### Question 1 - Random Policy

In [8]:
from sympy import symbols, Eq, solve

v1, v2, v3, v4, v5 = symbols('v1 v2 v3 v4 v5')

e1 = Eq(v1, -0.02 + 0.9*(0.7*v2 + 0.1*v3 + 0.1*v4 + 0.1*v5))
e2 = Eq(v2, -0.02 + 0.9*(0.7 + 0.1*v1 + 0.2*v2))
e3 = Eq(v3, -0.02 + 0.9*(0.1*v1 + 0.2*v2 + 0.7*v3))
e4 = Eq(v4, -0.02 + 0.9*(0.1*v1 + 0.1*v4 + 0.1*v4 + 0.7*(-1)))
e5 = Eq(v5, -0.02 + 0.9*(0.7*v1 + 0.3*v5))

solutions = solve((e1, e2, e3, e4, e5), (v1, v2, v3, v4, v5))
print(solutions)

{v1: 0.492963376738754, v2: 0.798008175495717, v3: 0.454076149988424, v4: -0.738577190357942, v5: 0.398036886774541}


### Question 1 - Optimal Policy

In [9]:
from sympy import symbols, Eq, solve

v1, v2, v3, v4, v5 = symbols('v1 v2 v3 v4 v5')

e1 = Eq(v1, -0.02 + 0.9*(0.7*v2 + 0.1*v5 + 0.1*v4 + 0.1*v3))
e2 = Eq(v2, -0.02 + 0.9*(0.7 + 0.2*v2 + 0.1*v1))
e3 = Eq(v3, -0.02 + 0.9*(0.7*v1 + 0.3*v3))
e4 = Eq(v4, -0.02 + 0.9*(0.7*v1 + 0.1*v4 + 0.1*v4 + 0.1*(-1)))
e5 = Eq(v5, -0.02 + 0.9*(0.7*v1 + 0.3*v5))

solutions = solve((e1, e2, e3, e4, e5), (v1, v2, v3, v4, v5))
print(solutions)

{v1: 0.611091928198094, v2: 0.810973504314425, v3: 0.499983444883286, v4: 0.335351115566828, v5: 0.499983444883286}


### Justifying the idea of non-zero probability

The transition probability for the random policy has a non-zero probability of going backwards.

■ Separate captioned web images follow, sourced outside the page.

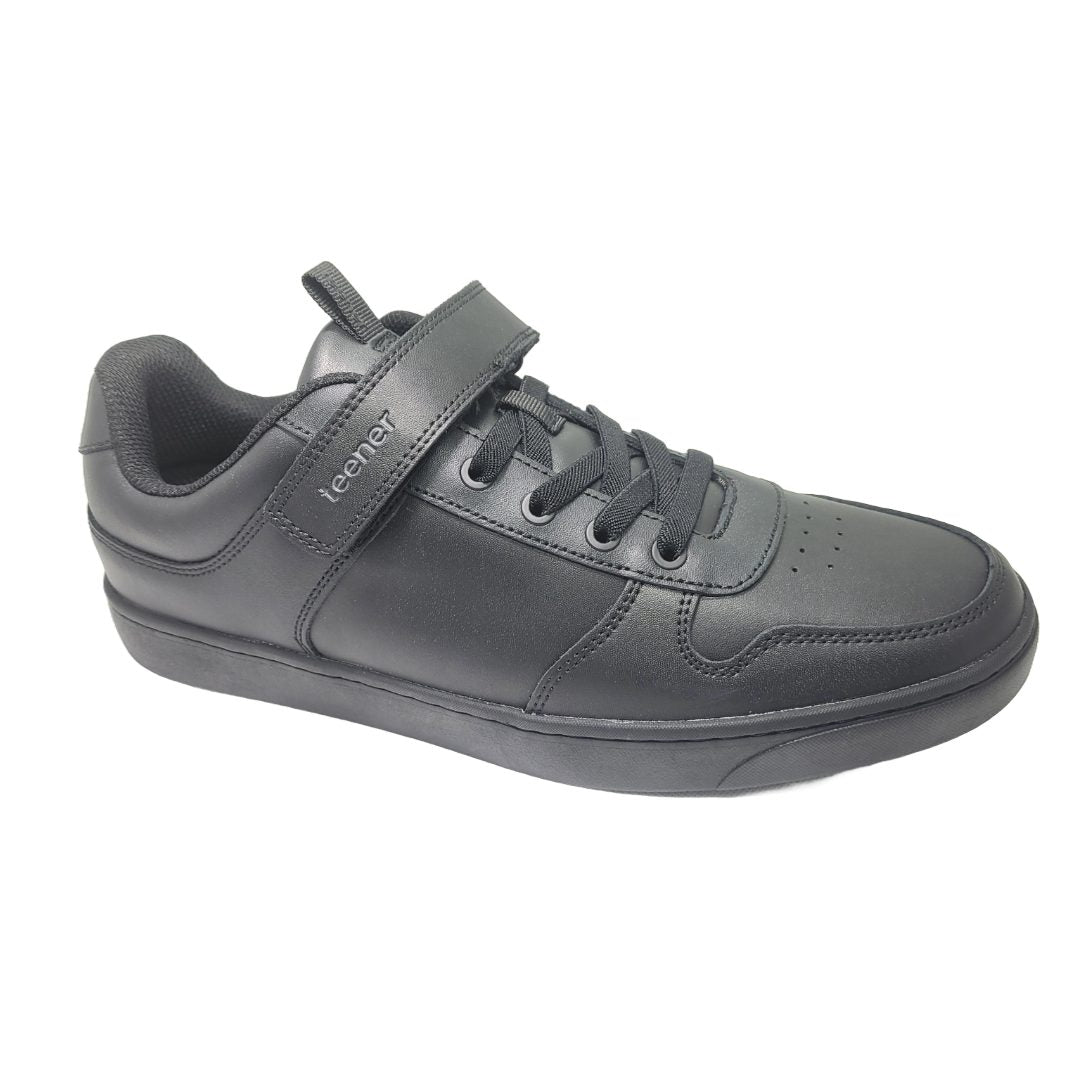 Zapatillas Escolares Teener Negras | 886-6038 - Talla 43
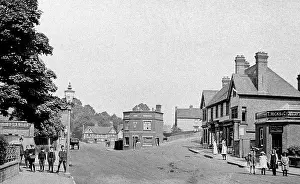 Stansted: Lower Street, Stansted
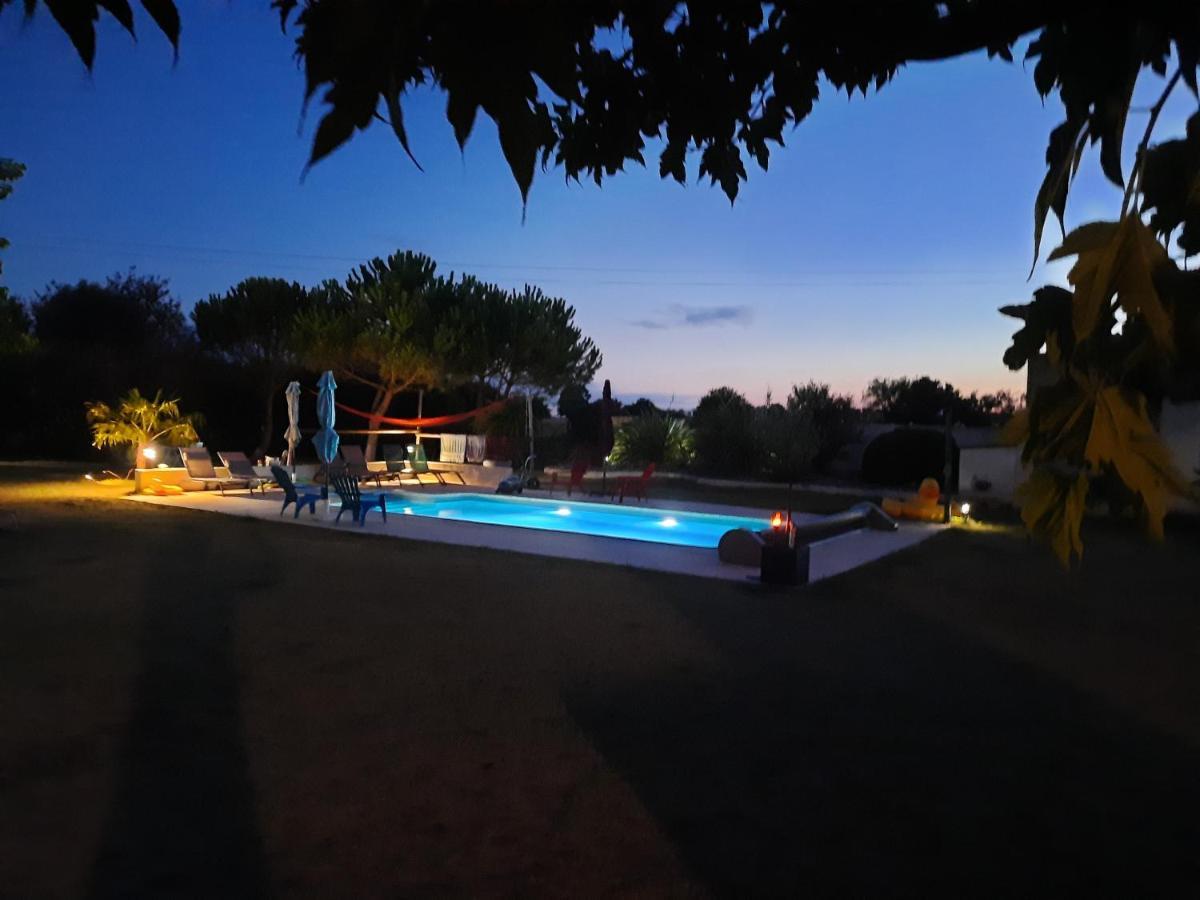 Chambres D'Hote Maeva Balanzac Εξωτερικό φωτογραφία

It would be due to of randomness and uncertainty or negative ffedback, non - deterministic dynamics. 

### Question 2

In [10]:
def bellman_equation(values, policy):
    new_values = [0.0] * len(values)
    for i in range(len(values)):
        if i == 0:
            new_values[i] = -0.02 + 0.9 * (
                0.7 * values[1] + 0.1 * values[4] + 0.1 * values[3] + 0.1 * values[2]
            )
        elif i == 1:
            new_values[i] = -0.02 + 0.9 * (
                0.7 + 0.2 * values[1] + 0.1 * values[0]
            )
        elif i == 2:
            new_values[i] = -0.02 + 0.9 * (
                0.7 * values[0] + 0.3 * values[2]
            )
        elif i == 3:
            new_values[i] = -0.02 + 0.9 * (
                0.7 * values[0] + 0.1 * values[3] + 0.1 * values[3] + 0.1 * (-1)
            )
        elif i == 4:
            new_values[i] = -0.02 + 0.9 * (
                0.7 * values[0] + 0.3 * values[4]
            )
    return new_values

def main():
    num_states = 5
    initial_values = [0.0] * num_states
    random_policy = [0.25, 0.25, 0.25, 0.25, 0.0]  # Your random policy probabilities

    iterations = 100
    for i in range(iterations):
        initial_values = bellman_equation(initial_values, random_policy)

    print("Converged values for random policy:", initial_values)

    # Now you can repeat the process with optimal policy

if __name__ == "__main__":
    main()


Converged values for random policy: [0.6110919281980935, 0.8109735043144248, 0.49998344488328617, 0.33535111556682784, 0.49998344488328617]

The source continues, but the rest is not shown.